Aber nicht zu vergessen sind Kjersti Mikkelsen und Reidar Eriksen, denn Euer Service ist einfach vorbildlich und 100%ig gut. Egal was wir benötigten, ob Benzin, ob Lebensmittel, ob Köder oder auch wenn unser Bier mal wieder aus war, ihr habt uns alles am nächsten Tag besorgt, echt klasse, Tusend Takk!


Jeden Tag war einer von den Beiden bei uns, um zu fragen, ob wir etwas benötigen oder ob wir etwas vermissen. Meistens war Kjersti schon mit dem Fotoapparat am Steg, wenn wir heim kamen, denn wir müssen immer an ihrem Wohnzimmer vorbei, sodass sie uns immer gesehen hat. Die Bilder der größten Fische wurden dann ausgedruckt, einlaminiert und an die bereits erwähnte Infowand gepinnt. Zum Abschied bekam jeder eine einlaminierte Seekarte incl. einem Bild vom Camp und von seinem größten Fisch. Danke, das ist wirklich eine nette Idee. Alexandras und meine Karte hängen schon bei uns an der Wand. Wenn ihr jetzt noch in diesem Jahr den Trockenraum für die Angelkleidung fertig stellt, dann seid ihr nahezu perfekt. Aber auch so wie es jetzt ist, kann ich/wir das Camp Efjord Sjøhus nur wärmstens empfehlen.

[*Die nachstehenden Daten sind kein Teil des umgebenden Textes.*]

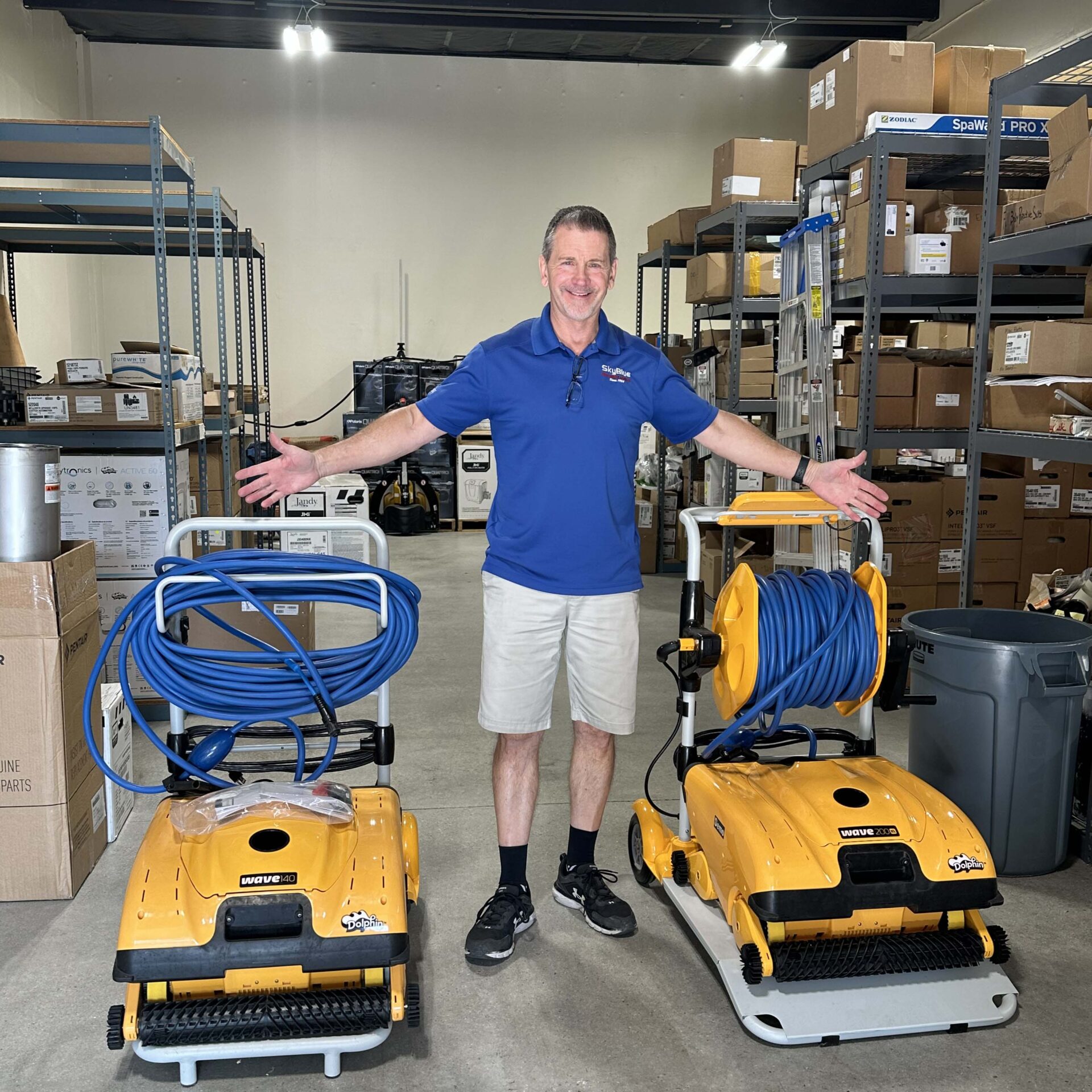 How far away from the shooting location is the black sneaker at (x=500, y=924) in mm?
2441

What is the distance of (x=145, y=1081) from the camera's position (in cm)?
201

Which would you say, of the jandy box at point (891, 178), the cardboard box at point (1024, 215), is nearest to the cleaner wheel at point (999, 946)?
the cardboard box at point (1024, 215)

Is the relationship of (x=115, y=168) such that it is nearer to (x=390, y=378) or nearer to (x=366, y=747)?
(x=366, y=747)

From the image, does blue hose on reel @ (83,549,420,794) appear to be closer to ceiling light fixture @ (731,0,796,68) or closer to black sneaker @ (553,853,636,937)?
black sneaker @ (553,853,636,937)

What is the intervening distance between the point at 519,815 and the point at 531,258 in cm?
882

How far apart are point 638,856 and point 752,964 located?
2.33 feet

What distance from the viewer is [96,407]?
13.1ft

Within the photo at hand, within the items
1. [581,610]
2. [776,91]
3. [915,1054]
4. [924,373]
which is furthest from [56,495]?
[776,91]

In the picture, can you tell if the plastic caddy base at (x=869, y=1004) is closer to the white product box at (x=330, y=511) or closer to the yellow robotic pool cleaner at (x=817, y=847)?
the yellow robotic pool cleaner at (x=817, y=847)

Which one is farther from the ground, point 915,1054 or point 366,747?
point 366,747

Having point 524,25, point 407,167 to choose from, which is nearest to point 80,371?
point 524,25

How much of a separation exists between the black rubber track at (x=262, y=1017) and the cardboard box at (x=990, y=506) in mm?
3946

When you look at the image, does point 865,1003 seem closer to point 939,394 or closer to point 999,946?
point 999,946

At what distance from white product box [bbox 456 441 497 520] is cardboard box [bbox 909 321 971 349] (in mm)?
5250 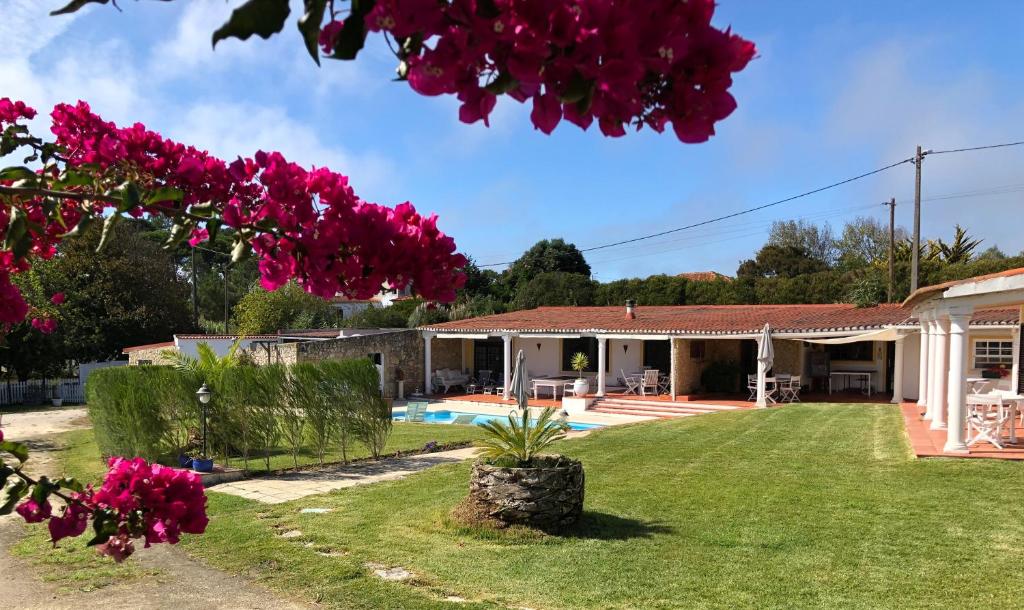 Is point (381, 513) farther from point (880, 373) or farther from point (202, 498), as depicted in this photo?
point (880, 373)

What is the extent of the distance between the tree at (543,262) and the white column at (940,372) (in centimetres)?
3652

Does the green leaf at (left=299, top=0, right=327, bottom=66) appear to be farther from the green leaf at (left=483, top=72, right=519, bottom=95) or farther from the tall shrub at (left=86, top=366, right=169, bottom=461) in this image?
the tall shrub at (left=86, top=366, right=169, bottom=461)

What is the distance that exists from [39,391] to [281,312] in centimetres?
1116

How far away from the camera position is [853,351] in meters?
22.7

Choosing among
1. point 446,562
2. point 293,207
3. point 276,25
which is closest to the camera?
point 276,25

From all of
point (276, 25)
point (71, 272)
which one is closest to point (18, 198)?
point (276, 25)

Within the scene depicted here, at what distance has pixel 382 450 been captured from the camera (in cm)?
1458

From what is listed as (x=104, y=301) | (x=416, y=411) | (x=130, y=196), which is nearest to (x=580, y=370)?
(x=416, y=411)

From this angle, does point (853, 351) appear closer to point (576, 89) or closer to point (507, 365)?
point (507, 365)

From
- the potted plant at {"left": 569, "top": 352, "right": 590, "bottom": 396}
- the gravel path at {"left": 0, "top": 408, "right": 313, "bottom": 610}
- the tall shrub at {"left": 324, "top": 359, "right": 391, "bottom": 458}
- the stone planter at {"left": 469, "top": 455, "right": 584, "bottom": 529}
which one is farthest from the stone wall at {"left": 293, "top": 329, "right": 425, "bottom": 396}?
the stone planter at {"left": 469, "top": 455, "right": 584, "bottom": 529}

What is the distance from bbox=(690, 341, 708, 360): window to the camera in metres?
23.8

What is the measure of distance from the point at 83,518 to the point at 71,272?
34.5 metres

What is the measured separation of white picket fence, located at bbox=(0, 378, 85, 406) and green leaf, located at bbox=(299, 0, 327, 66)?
30.2 meters

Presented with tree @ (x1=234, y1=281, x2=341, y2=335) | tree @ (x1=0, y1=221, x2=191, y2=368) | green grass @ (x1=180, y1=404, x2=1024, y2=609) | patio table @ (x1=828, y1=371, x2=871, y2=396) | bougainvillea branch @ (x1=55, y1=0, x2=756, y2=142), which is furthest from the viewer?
tree @ (x1=234, y1=281, x2=341, y2=335) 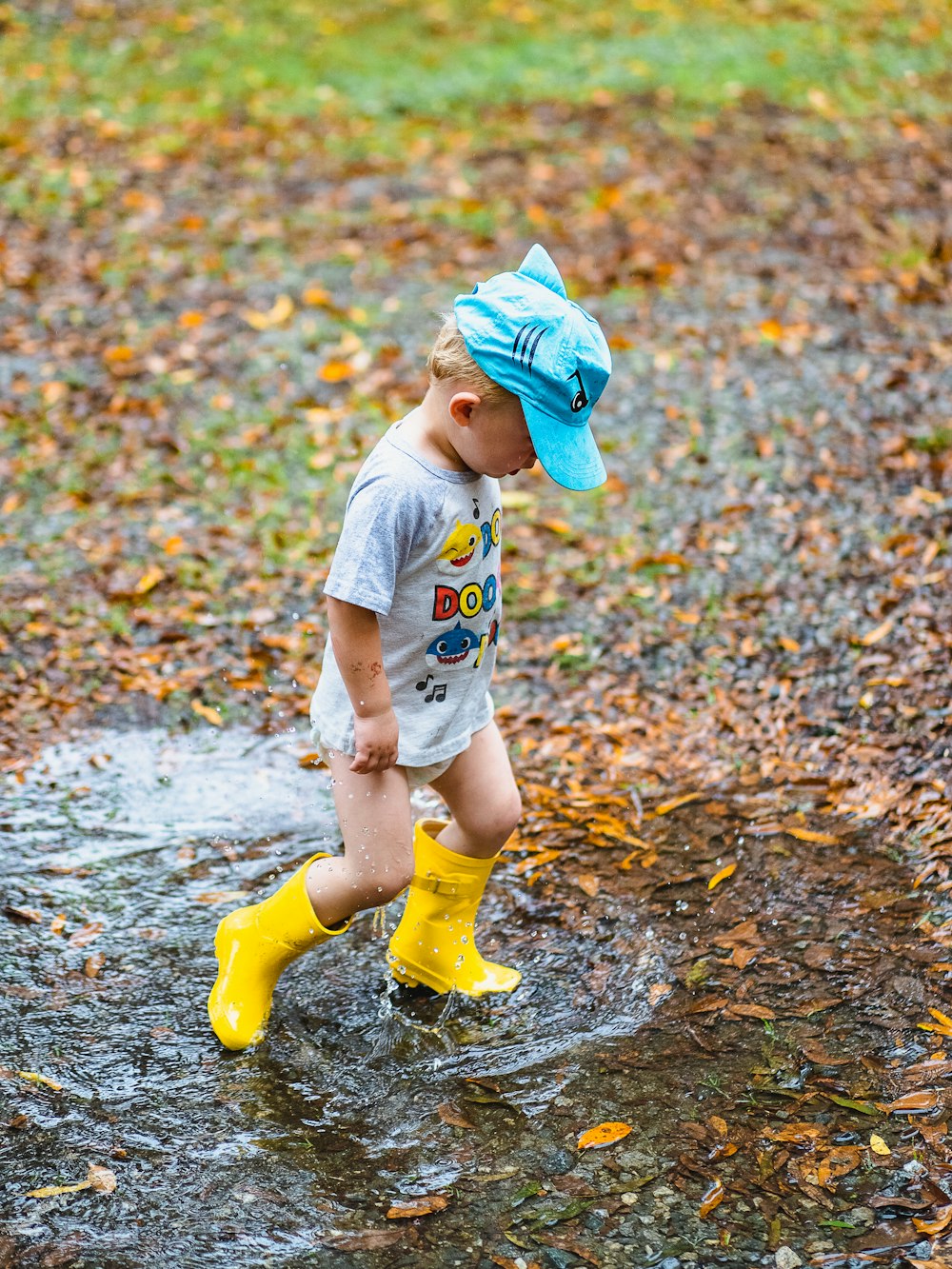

Wenn ich Schul-Zensuren vergeben sollte, dann folgende:

Zustand Boote+Equipm.:    1 (Tip-Top)

Zustand Haus:        1 (1 A)

Zustand Filetierplatz:    2 (4-6 sind gut, aber bei 12 Personen wird’s etwas eng)

Service vor Ort:        1 (mehr geht nicht)

Revier (Natur):        1 (habe noch nichts Besseres im Norden gesehen)

Revier (Angeln):        2 (hauptsächlich Dorsch)


P.S.:

Für Norwegenneulinge und Bootsunerfahrene, kann ich nur die Bootsversicherung für 300NOK in der Woche empfehlen, denn wenn etwas passiert, seid ihr versichert.